Reviews

Irish Times writers were at three recent concerts in Dublin:

Irish Times writers were at three recent concerts in Dublin:

Tinney, RTÉ NSO/Maloney

NCH, Dublin

Kevin O'Connell - Four Orchestral Pieces. Rachmaninov - Piano Concerto No 2. Mussorgsky/Ravel - Pictures at an Exhibition.

READ MORE

The Derry-born composer Kevin O'Connell, who turns 50 next year, has always been his own man. His latest orchestral work, an RTÉ commission premièred at the National Concert Hall on Friday, is very much an independent-minded piece or, rather, a set of four pieces.

O'Connell is happy to accept unexpected associations.

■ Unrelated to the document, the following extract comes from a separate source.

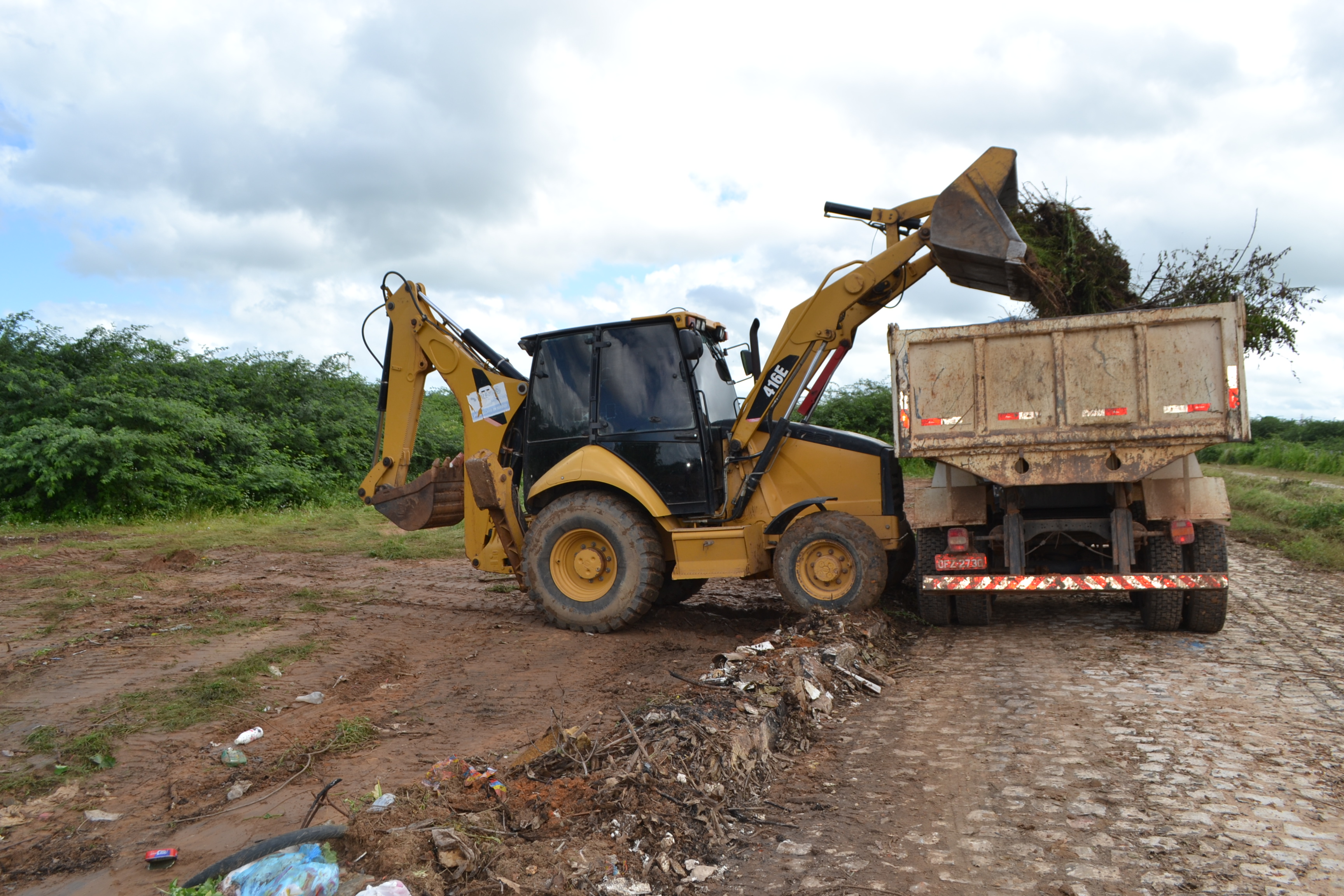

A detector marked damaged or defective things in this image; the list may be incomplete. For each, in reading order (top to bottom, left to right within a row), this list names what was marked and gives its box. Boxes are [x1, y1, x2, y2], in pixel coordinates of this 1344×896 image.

He's anything but a minimalist, yet what the pulsing start of the first piece, Vestiges might seem to suggest is a minimalist journey.

What it actually offered was more on the lines of a flute tune with varied passing fancies, including some undermining of the minimalist suggestiveness.

Slattar, which followed, took off with an uneven galumphing which is distantly related to Norwegian folk music.

Conductor Gavin Maloney's modernist approach to the writing seemed to work best in the first two pieces, rather than in the third, Tubilustrium, (a memorial for fellow-composer Minna Keal), or the last, Prelude with Carillon, a scherzo, which O'Connell regards as "one of the toughest tests for a composer".

Maloney strode fearlessly through the big tunes of Rachmaninov's Second Piano Concerto and soloist Hugh Tinney brought many touches of observant individuality to the florid patterns of the piano writing.

The two men did not always agree on the detail of rubato, and Tinney's handling of the slow movement was cool enough to ensure no hearts would melt. But the music-making lacked nothing in spirit at the other end of the scale, there was plenty of excitement on offer and the audience was delighted.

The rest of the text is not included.